Leistler, Carl (1805-1857), Möbelfabrikant und Parkettenfabrikant

Leistler Carl, Möbel- und Parkettenfabrikant. * Wien, 1805; † Kalksburg (N.Ö.), 25. 9. 1857. Entstammte einer alten Wr. Tischlerfamilie; übernahm 1828 die Tischlerei seines Vaters in der Josefstadt und richtete 1842 in Gumpendorf zur Erzeugung von Möbeln, feinen Tischlerwaren und Parketten eine Fabrik ein, welche der erste derartige, mit den neuesten französ. Holzbearbeitungsmaschinen ausgerüstete Betrieb in Wien war. 1838–48 lieferte L. dem Fürsten Alois Liechtenstein Tischlerarbeiten und Mobiliar für die Repräsentationsräume des Palais in der Bankgasse, die zum prächtigsten und qualitätvollsten gehören, was damals im Stile des „Zweiten Rokoko“ in Wien geschaffen wurde. 1850 erwarb L. das Liechtensteinsche Schloß Rabensburg (N.Ö.), wo er unter dem Firmennamen „Gebrüder Leistler“ eine zweite Fabrik und ein nach engl. System angelegtes Sägewerk vornehmlich für die Produktion von Parketten, Eichen- und Eschenholzbrettern sowie Dimensionshölzern für den Waggonbau der Nord- und der Staatsbahn einrichtete. 1851 beteiligte er sich an der 1. Weltausst. in London mit vier Zimmereinrichtungen, die im Auftrag des Fürsten A. Liechtenstein nach Entwürfen des Architekten B. di Bernardis in den Stilen Renaissance, Louis XIV. und Louis XV. ausgeführt waren und wofür er (in der Klasse 26, Möbel) neben vier anderen Ausstellern die Council Medal, den höchsten Preis, erhielt. Besondere Aufmerksamkeit erregte ein prunkvolles Baldachinbett mit reichen figuralen und ornamentalen Schnitzereien und aufwendigen Draperien sowie ein in got. Stil gehaltener riesiger Bibliotheksschrank, den K. Franz Joseph (s. d.) der Kgn. von England zum Geschenk machte. Nach L.s Tod scheint sich die Fa. ausschließlich auf die Parkettenfabrikation verlegt zu haben. L. verkörperte den Typus des aus dem Handwerkerstand hervorgegangenen Pioniers der Industrialisierung, der, gestützt auf hervorragende fachliche Fähigkeiten und aufgeschlossen für den techn. Fortschritt, die Möglichkeiten der neuen industriellen Produktionsmethoden zu nützen verstand. Diesen Unternehmungsgeist verband er mit einem ausgeprägten Sinn für die damals aufkommende großbürgerliche Lebensart. Mit den von ihm geschaffenen Möbeln, die für ihre Zeit als Leistungen internationalen Ranges zu gelten haben, leitete er in großem Stil die Phase des Historismus in der Wr. Möbelkunst ein.
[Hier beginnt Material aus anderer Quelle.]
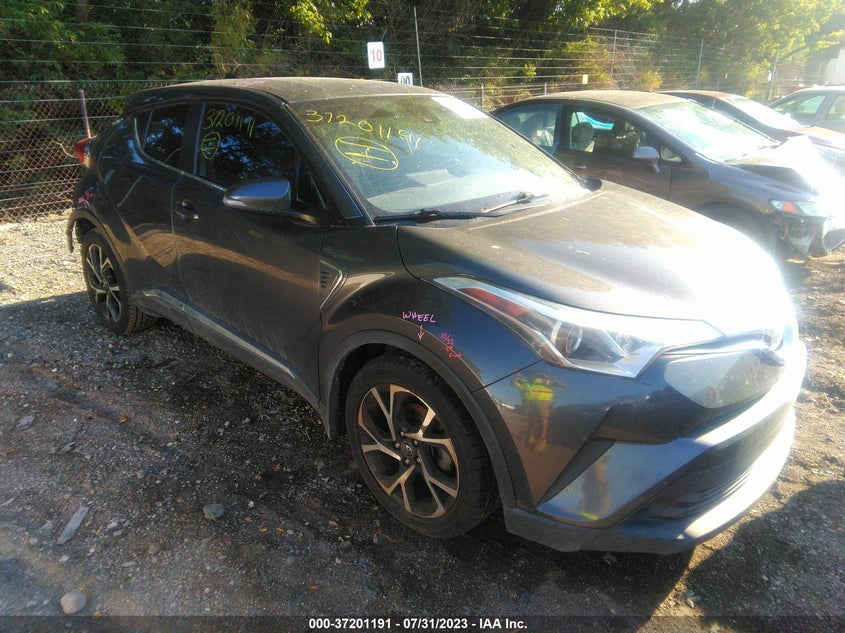 TOYOTA C-HR XLE/XLE PREMIUM 2018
W.: Kanzel und Chorgestühl für das Metropolitankapitel in Gran, 1854; Mahagonitüren, Verkleidungen und Supraporten für den Sultanspalast in Konstantinopel, 1855; etc.
L.: Digby Wyatt, The Industrial Arts of the Nineteenth Century, Bd. 2, 185, T. 109, 158; Großind. Österr., Bd. 3, S. 308, 316; Slokar, S. 631; F. Windisch-Graetz, Innendekoration und Mobiliar des Historismus, in: Alte und moderne Kunst, 79, 1965, S. 16; M. Zweig, Zweites Rokoko, 1924, S. 16 ff., T. 34–49; R. Feuchtmüller–W. Mrazek, Biedermeier in Österr., 1963, S. 79; V. Kotrba, Die Anfänge der Neugotik in den böhm. Ländern, in: Alte und moderne Kunst 81, 1965, S. 35; Th. v. Frimmel, Lex. der Wr. Gemäldesmlgn., Bd. G–L, 1914, S. 514 ff.; H. Rotter, Die Josefstadt, 1919, S. 308; R. Feuchtmüller, F. Gauermann, 1962, S. 190, 220; The Exhibition as a lesson in taste, in: The Art-Journal, London 1851, S. 12; The Industry of All Nations, Art-Journal illustrated Catalogue, ebenda, S. 177–180, 262, 280, 286, 296; Exhibition of the Works of Industry of All Nations, 1851. Report by the Juries, London 1852, S. 545, 550, 723, 724; 100 Jahre Österr. Mus. für angewandte Kunst, Kunstgewerbe des Historismus, Katalog 1964, n. 6–17; Archiv der Stadt Wien; Fürstlich Liechtensteinsches Archiv, Vaduz; Mitt. G. Wilhelm, Vaduz–Wien.
(Windisch-Graetz)  
PUBLIKATION: ÖBL 1815-1950, Bd. 5 (Lfg. 22, 1970), S. 111f.